I was about to give up. Moved on to other tasks. And then it hit me.
The Epiphany
As a software engineer, I used to program every bit of instruction with precise syntax that came from detailed documentation, from managers, from specs. And as a PM, I wrote those docs PRDs and TRDs with every workflow thought through, every edge case covered, in excruciating detail.
What miracle was I expecting from a 5-line prompt with “take your own assumptions”?
That question changed everything.
The 3-Hour Brainstorm
I went back to the drawing board. This time, I told Claude: “… This is my idea. Interview me using the AskUserQuestion tool. Let’s build the PRD and TRD together. Do not write code yet.”
What followed was three hours of answering one question after another — the same excruciating detail I’d put into any product spec, just not in programming syntax or even specific PRD formats.
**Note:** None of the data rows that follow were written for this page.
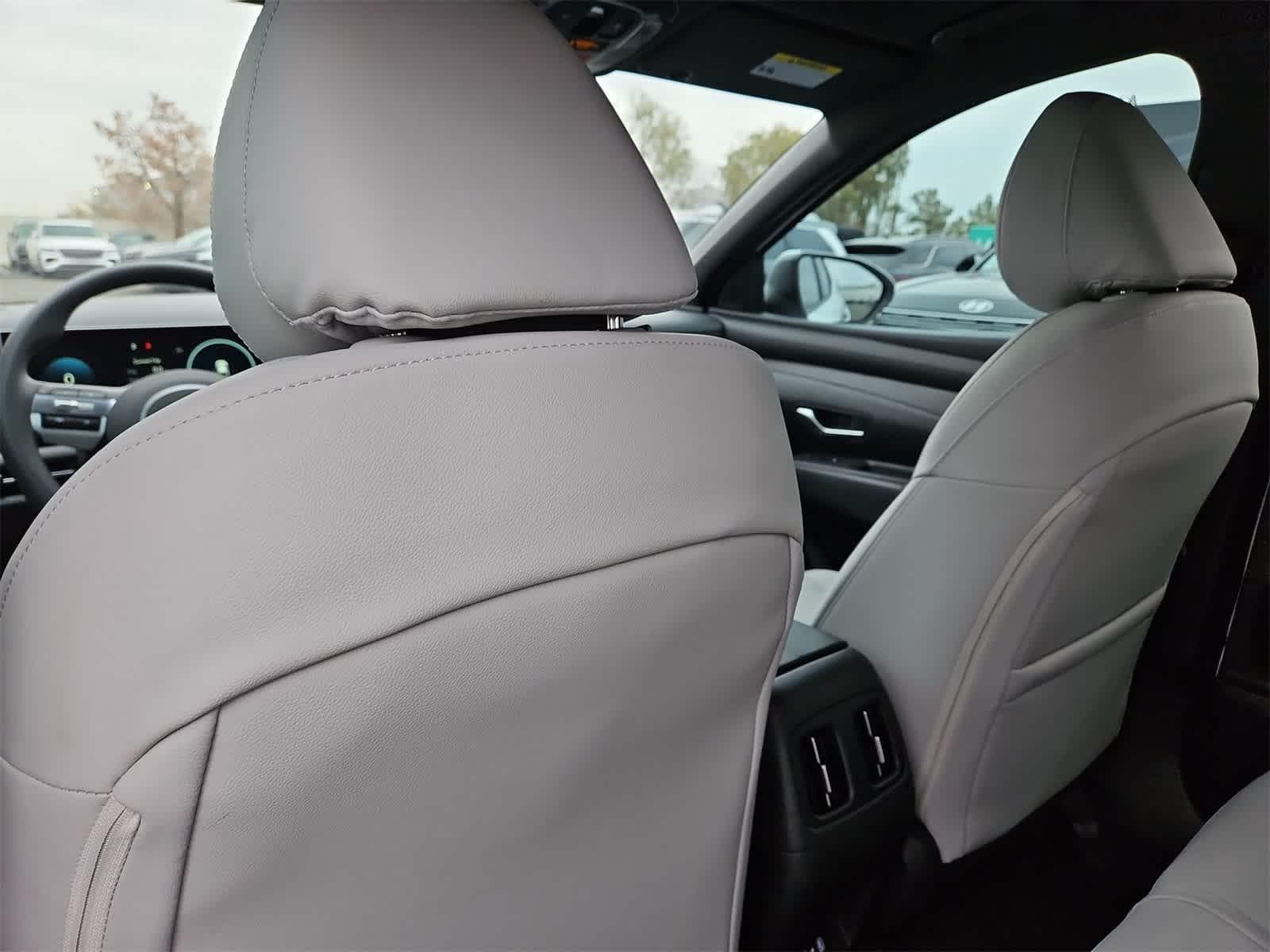 Thumbnail: 2026 Hyundai Santa Cruz - 16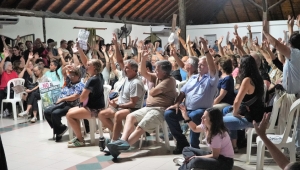 La movilizaci&oacute;n de vecinos de Oro Verde fren&oacute; el proyecto del &ldquo;parque ambiental&rdquo;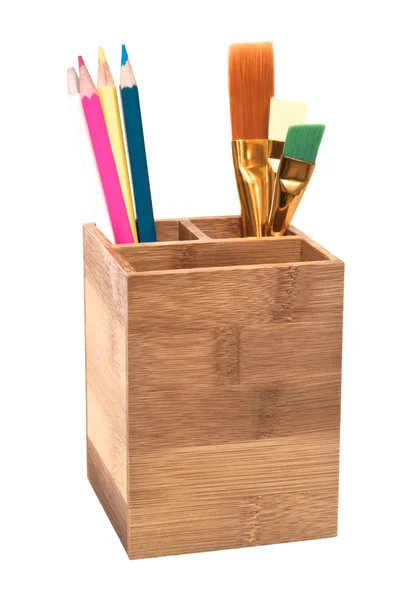 Bleistifte im Holzetui isoliert auf weiß lizenzfreie Stockfotos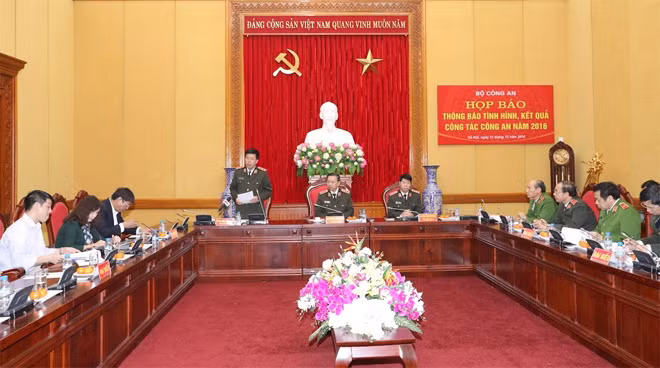 Trung tướng Nguyễn Danh Cộng, Chánh Văn phòng Bộ Công an trình bày tóm tắt tình hình, kết quả công tác Công an năm 2016.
In just plain English, I kept answering until Claude rate-limited me, then I waited impatiently for the window to reopen.
Every question forced me to think through trade-offs:
– If I use this database, what happens? do I need this server?
– Could I make it fully front-end and skip a backend?
– What about voice? (Thanks to my professional experience, I understood the complexity and cost of real-time voice agents – TTS, STT, the whole stack – so I decided to skip the Sprechen section for the prototype.)
– I had already collected enough free A1 curriculum resources from my own prep. Fed it all in.
Et voilà. The first real prototype was functional, professional, had solid UI/UX, and actually did what I asked.
Does it have bugs? Yes. Are there sections that need more attention? Absolutely. But the gap between the broken toys Claude gave me before and the functional product we built together after that brainstorming session was miles apart.
The Real Lesson About Vibe Coding
Here’s what I got wrong about AI-assisted development:
The trade-off decisions, the tech stack choices, the UX decisions; all of it still requires the same painstaking detail that a PM needs to think through and an engineer needs to implement. What disappeared is the pain of remembering syntax. What disappeared is being limited by framework knowledge. I could just converse in plain English.
What didn’t disappear — what can’t disappear — is the thinking. LLM coding agents (Claude code, Gemini CLI, Codex etc.) are not there for outsourcing the thought process but helping think better & consider way more options than you normally would.
These tools turned the process from solo problem-solving into a two-way brainstorming session with a mentor-like collaborator that helps you understand the impact of every decision. You still make every call. You make sure all the puzzle pieces fit together. You just make them through conversation instead of code.
That was a pivot in my vibe-coding journey: not a realization that AI replaces thinking, but a profound understanding of exactly where I stay relevant as a PM and engineer – and where AI removes the friction.
The price of building software has plummeted; the era of truly personalized software is here. And is here to stay!
The German Buddy along with a summarized version of my marathon conversation threads with Claude, if you want to see the brainstorming in action.
Note: I am still working on ironing out some bugs & issues. I’ll try to fix them & publish on Github. I’ll also try to host the app soon for people to try it out.
P.S. That was only a mock test (which I didn’t clear). Happy to say I did pass my German A1 with this buddy’s help and I’m now onto A2.